Un libro a schede, che presenta in ordine cronologico – dall’aquilone agli evolutissimi Lego Mindstorm – 31 giocattoli. Con carte d’identità, suggerimenti pratici per giocare, e tutte le storie “dietro le quinte”: chi l’ha inventato, quando, come e perché. E naturalmente le curiosità e le implicazioni scientifiche. Quanti ingegneri ci sono tra i progettisti del Meccano? Lo sapete che i Lego vengono utilizzati per simulare gli spostamenti dei robot su Marte? E che i Mindstorms NXT sono impiegati in molti politecnici come dispositivi a basso costo per sviluppare processi di intelligenza artificiale? Che negli anni ‘50 una versione del piccolo Chimico conteneva quattro diverse tipologie di uranio?

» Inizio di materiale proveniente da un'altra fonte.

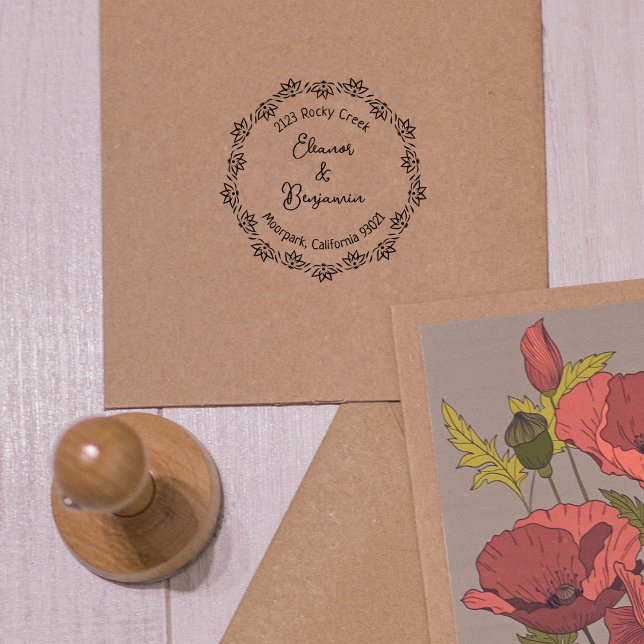 Carimbo De Borracha Endereço de Devolução de Lotus Moderno, Casal (Criador carregado)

Insomma, mentre ascoltavo l’autore raccontare dei primi mattoncini assemblabili in legno, nati per mano di un falegname nei boschi della Danimarca, e delle leggi della fisica sfidate dalle Hot Wheels; mentre davanti a un pubblico di bimbi rapiti e adulti curiosi – alla libreria Feltrinelli, a Milano – smontava come un orologiaio matto, pezzo a pezzo, le icone di infanzie presenti e passate, per svelarne trovate scientifiche e piccoli segreti nascosti, mi è sorta la domanda più spontanea: come fa ad essere un atto di portata scientifica “vestire la Barbie” (uno dei 31 giochi “preferiti di sempre”)?

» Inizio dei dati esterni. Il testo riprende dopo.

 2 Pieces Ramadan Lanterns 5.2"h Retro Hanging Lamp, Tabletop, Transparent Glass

La bambola-donna-perfetta, generata più di cinquant’anni fa coi piedi troppo piccoli, il seno troppo grande, la bocca a cuore, gli occhi sgranati senza espressione, una silhouette che istiga all’anoressia… a quale branca della scienza appoggia il suo equilibrio imperfetto?»
Antonella De Gregorio, Il Corriere della Sera (per leggere l’articolo completo, clicca QUI).
Il gioco che avrei voluto inventare io? I Lego. Si costruiva e ricostruiva qualcosa seguendo un progetto. Se ne afferravano i principi costruttivi. Si inventava con criterio. Quelle confezioni di mattoncini erano uno strumento potente: avevano spartiti fitti e rigorosi, ti insegnavano a eseguire un pezzo, per poi lasciarti improvvisare con quello che avevi a disposizione. Giocattoli jazz, per gli inventori di domani.